Sunday, July 3, 2011

Get Tough or Die





When I was a little girl and would whine to my mother that something was not fair, she would usually reply "who told you life was fair?"

She knew whereof she spoke; that woman never caught a single break. And yet, she never gave up hope and she never lost her smile.

I often speak of her optimism, her indomitable good will, her undying belief in humanity's innate goodness despite repeated demonstrations to the contrary. I try to square that optimism with her pessimism. It never manifested as bitterness, only as fear. She always feared the worst, and why wouldn't she? She lived it so often.

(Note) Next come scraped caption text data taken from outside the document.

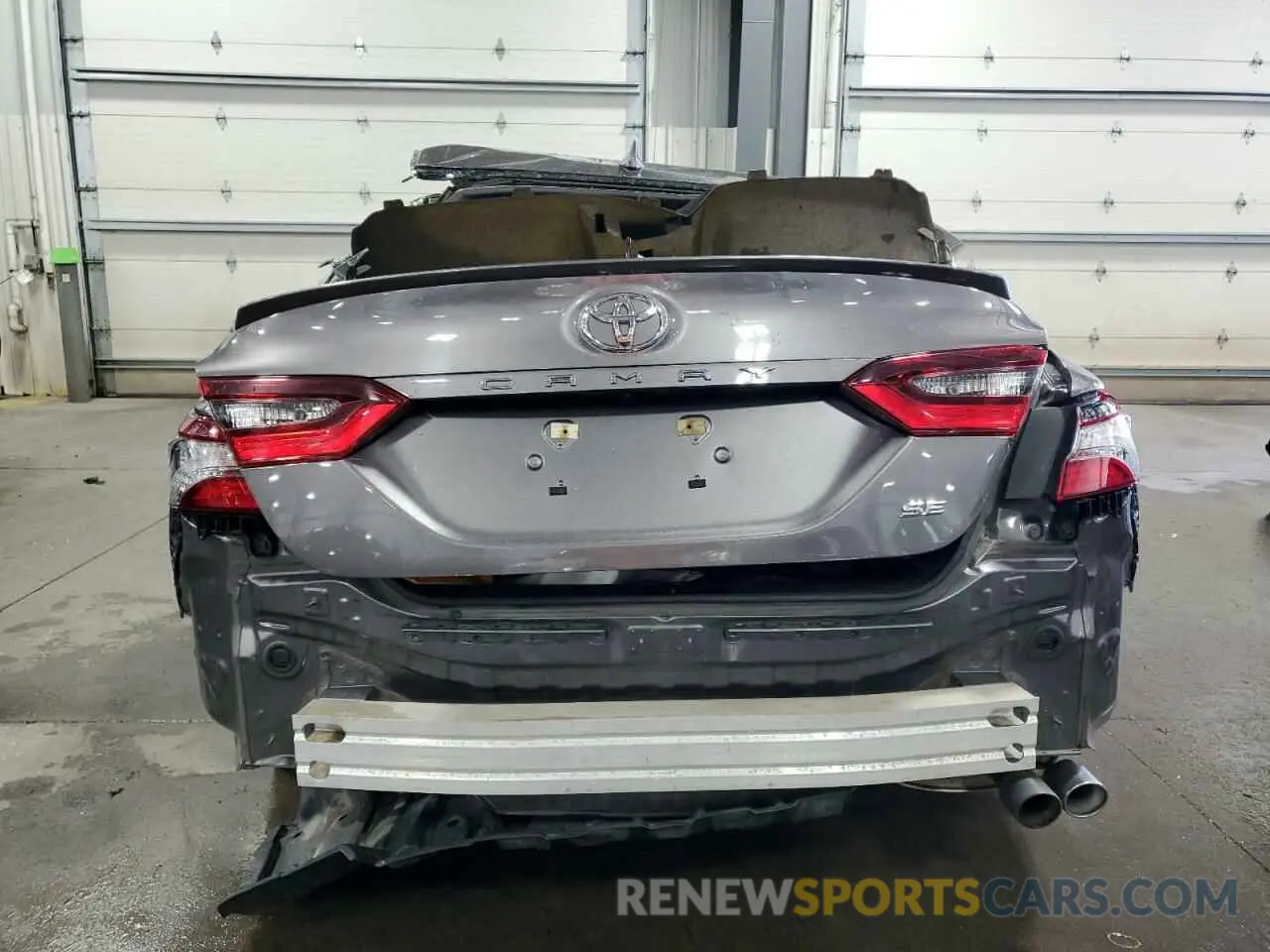 6 Photograph of a damaged car 4T1G11AK9MU457403 TOYOTA CAMRY 2021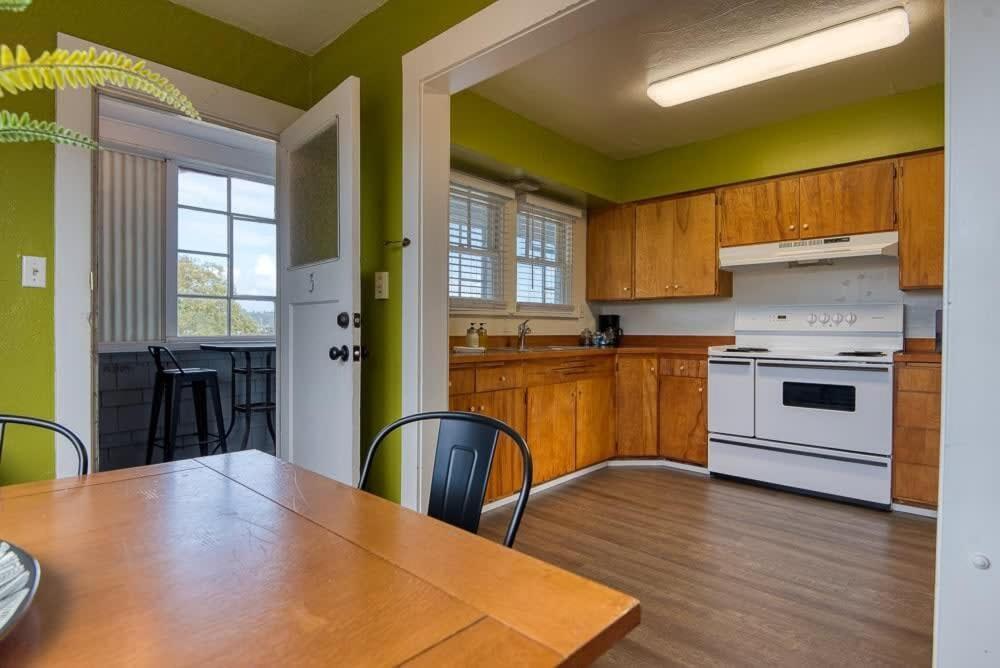 #Stayinmydistrict Historic Apartment Near Downtown Coos Bay Εξωτερικό φωτογραφία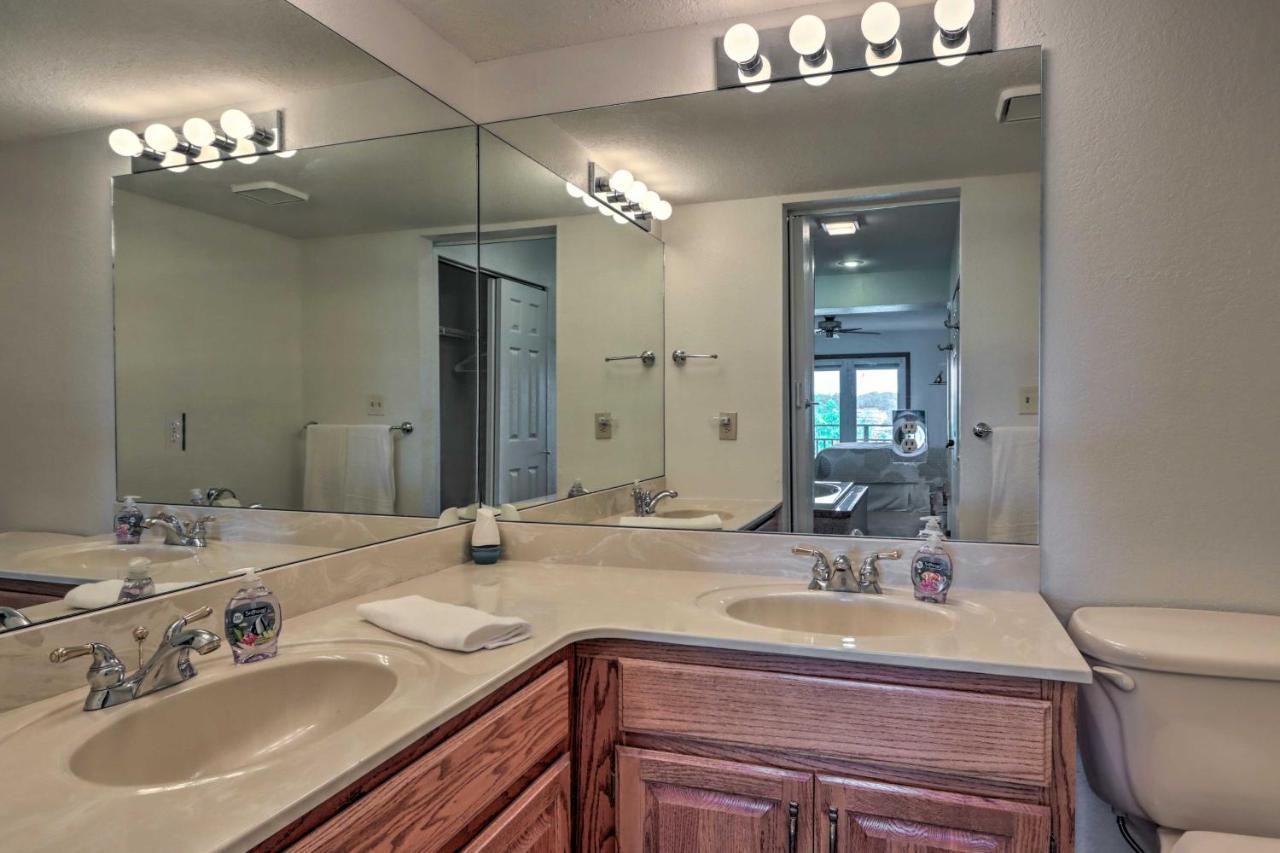Lakefront Osage Beach Condo With Balcony And Views! Exterior photo
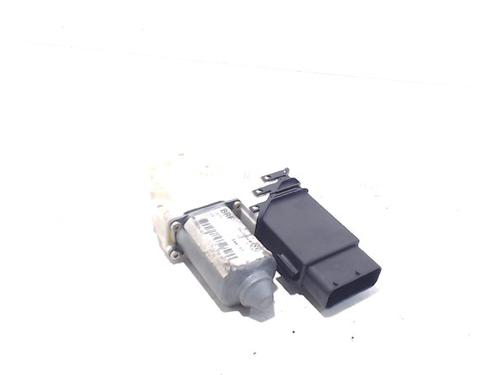 Left front window motor SEAT LEON (1M1) 1.8 20V | BP4584778E21 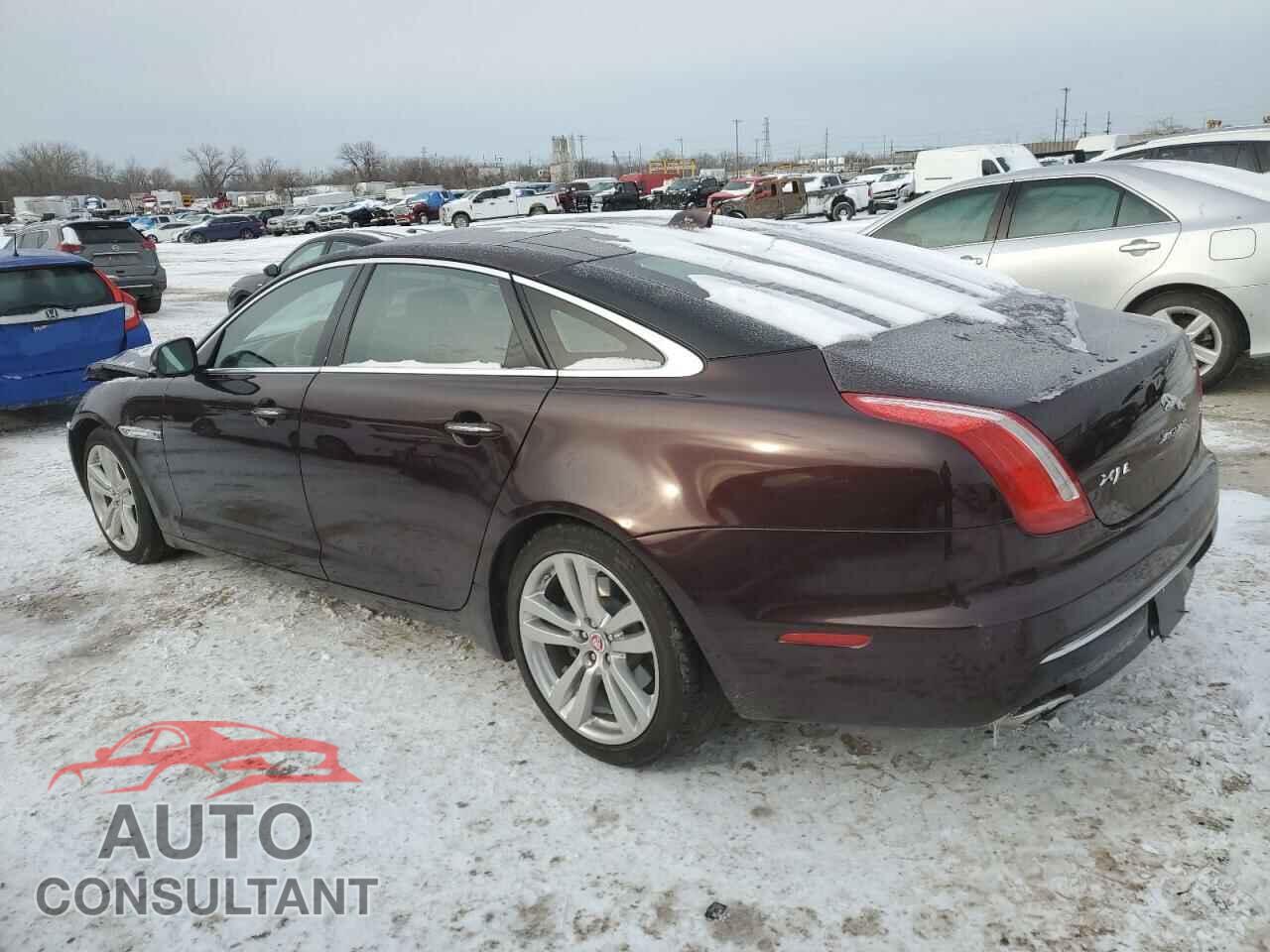 JAGUAR XJ 2017 - SAJWA2G77H8W10384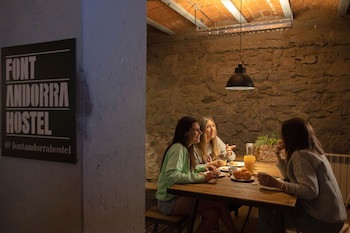 Font Andorra Hostel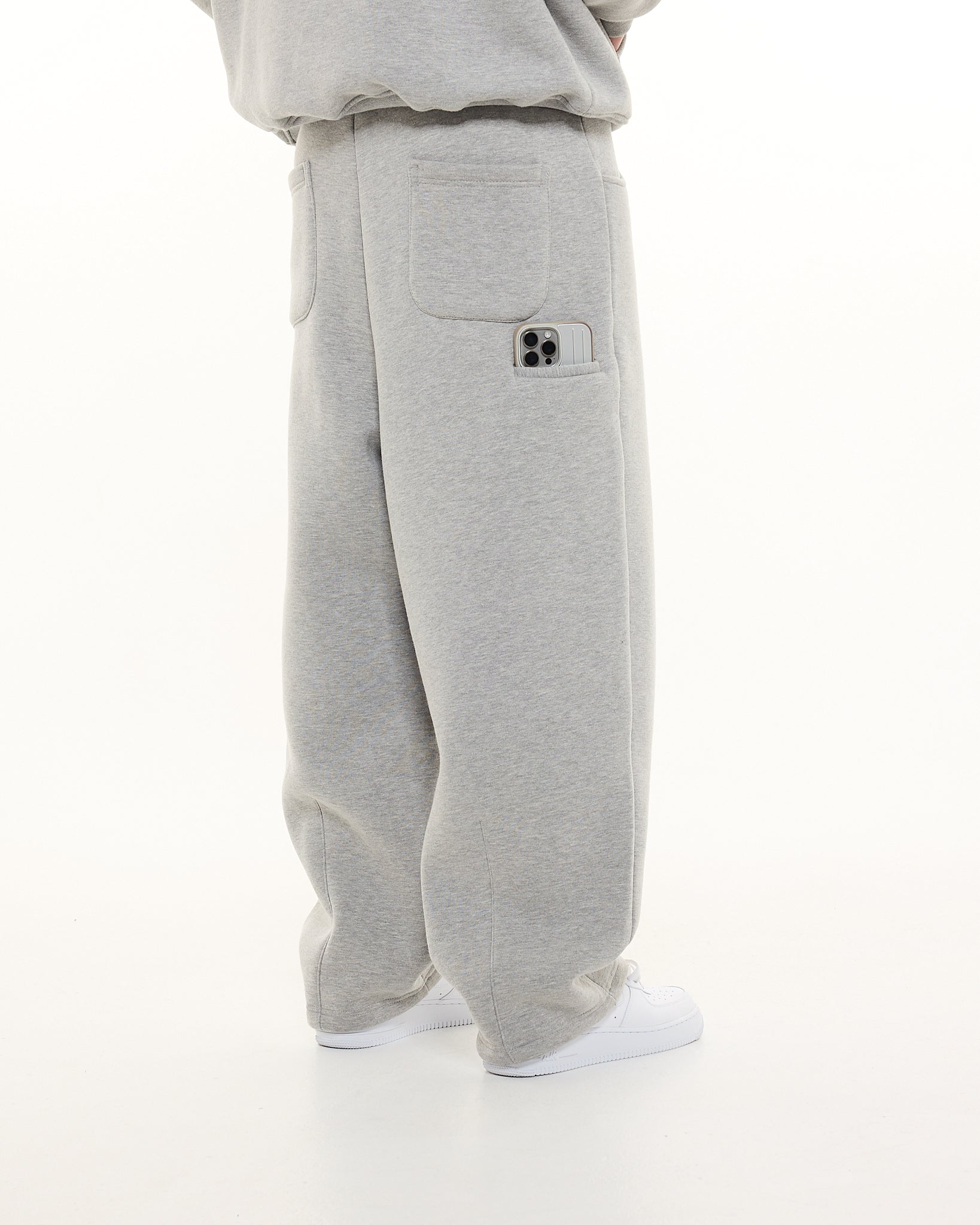COZY STRAIGHT LEG SWEATS - GREY
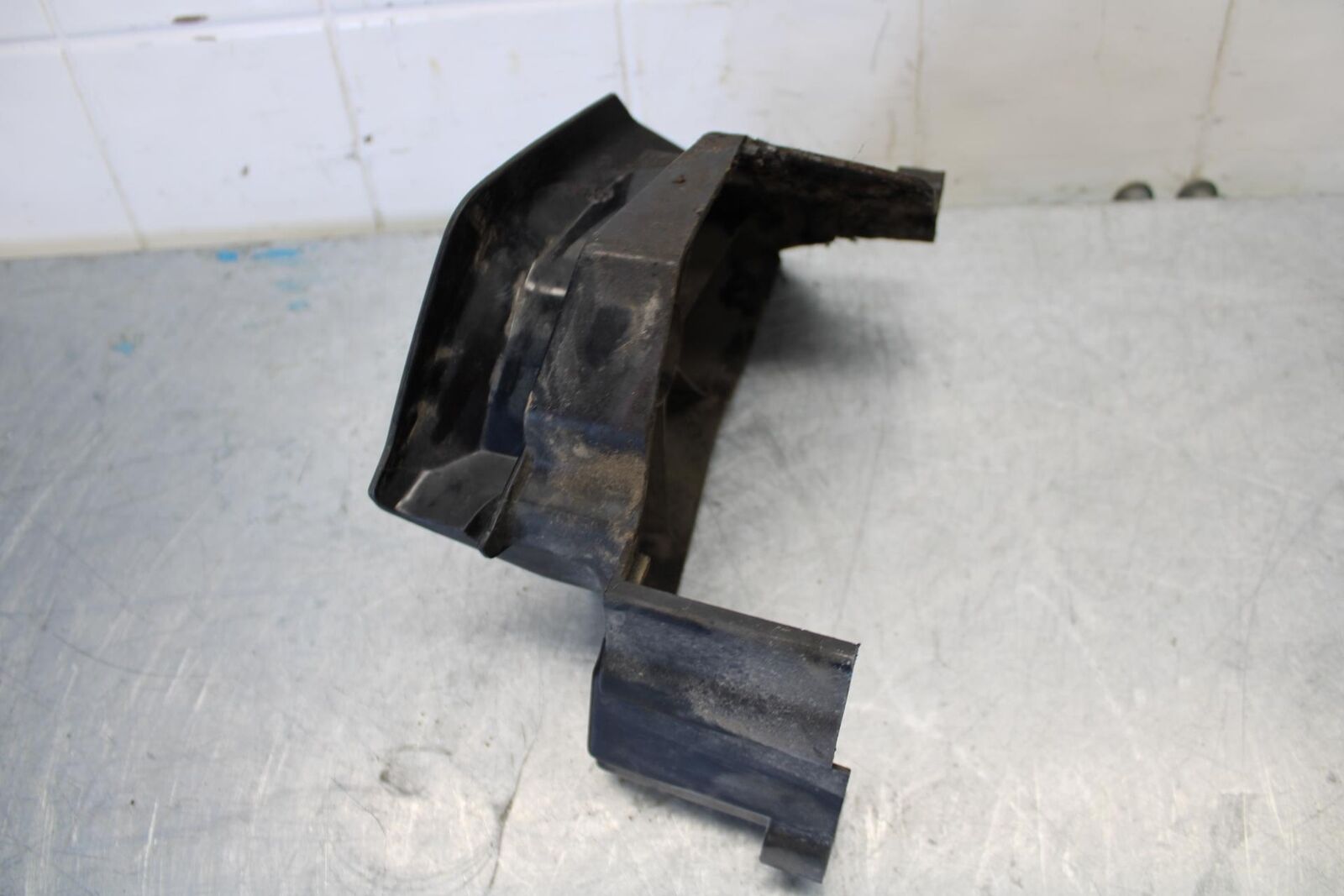 07-08 YAMAHA YZF R1 ENGINE SPROCKET COVER 4C8-15418-00-00 BB439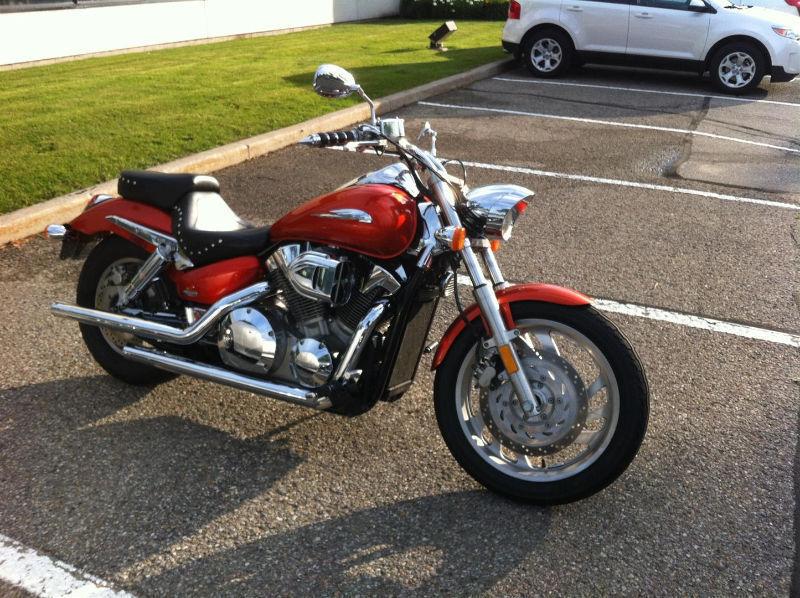 2006 Honda VTX 1300C *NEGOTIABLE, NEED GONE*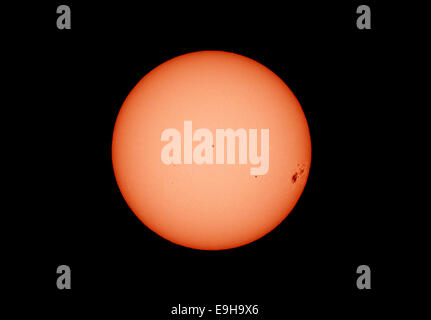 Londra, Regno Unito. 28 ottobre, 2014. Massive sunspot AR2192, immagine qui attraverso un solare Filtro luce bianca e ha confermato come il più grande in un decennio, si avvicina al bordo del disco del sole e. Credito: Malcolm Park editoriale/Alamy Live News Foto Stock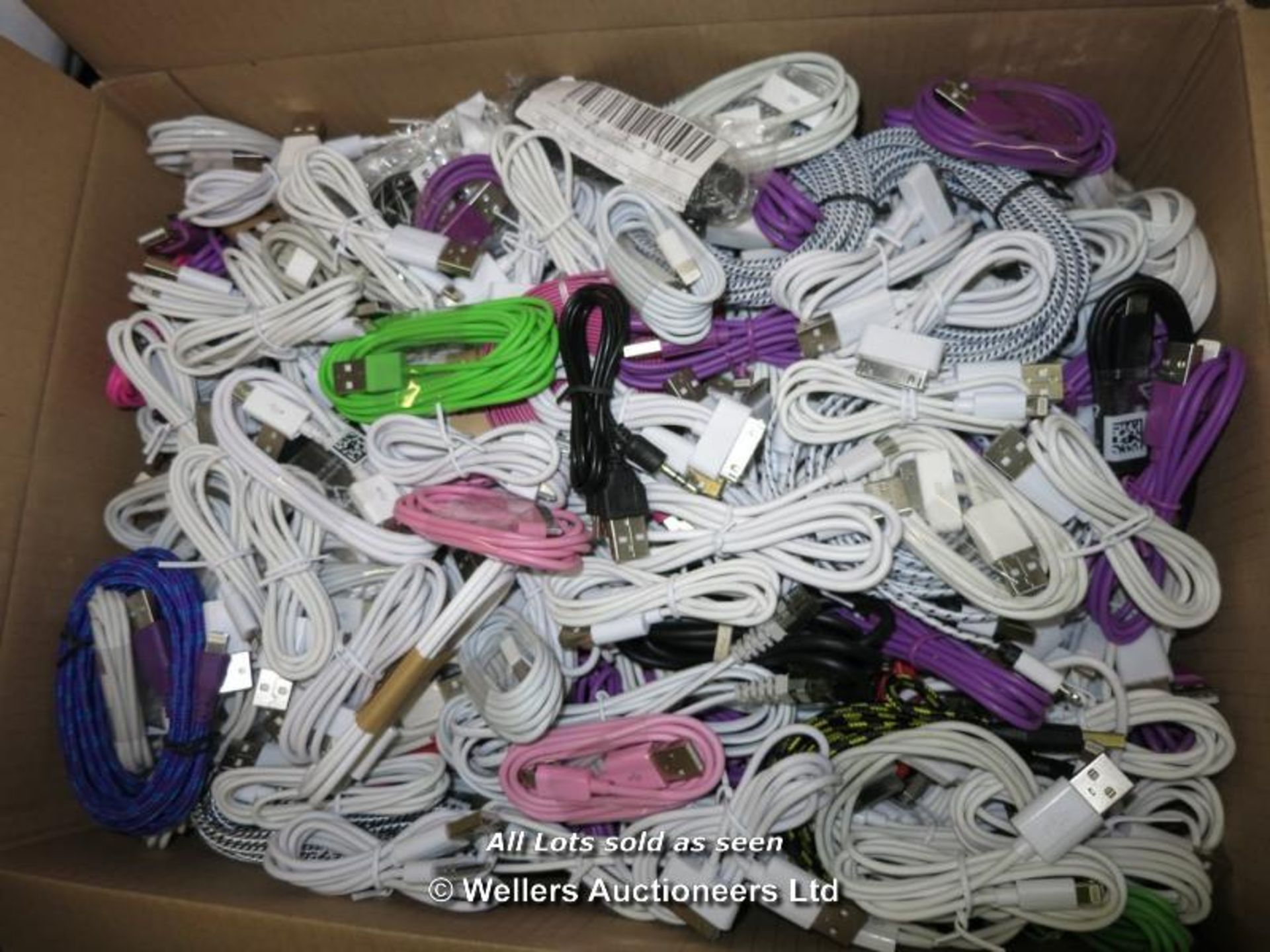 400X USB PHONE CABLES (LOOSE) / GRADE: UNCLAIMED PROPERTY / UNBOXED (DC2){YT00551521GB[MK290715]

It's such a cliche, but why do bad things happen to good people? Why do nice guys finish last? There's a bumper sticker saying that "Character Counts;" counts for what?

I keep thinking that integrity will be met with integrity, honesty with honesty, kindness with kindness, but experience has shown me otherwise. It doesn't seem to matter how I live in the world, whether I'm kind or cruel, patient or demanding, ethical or dishonest. I continually encounter people who take advantage of others, who take what isn't theirs and make others pay.

I'm still surprised by the takers; you'd think by now I'd be expecting them. Despite my mother's best efforts, I keep expecting the world to be fair, but it isn't.

It's long past time for me to get over it, long past time for me to get tough or die.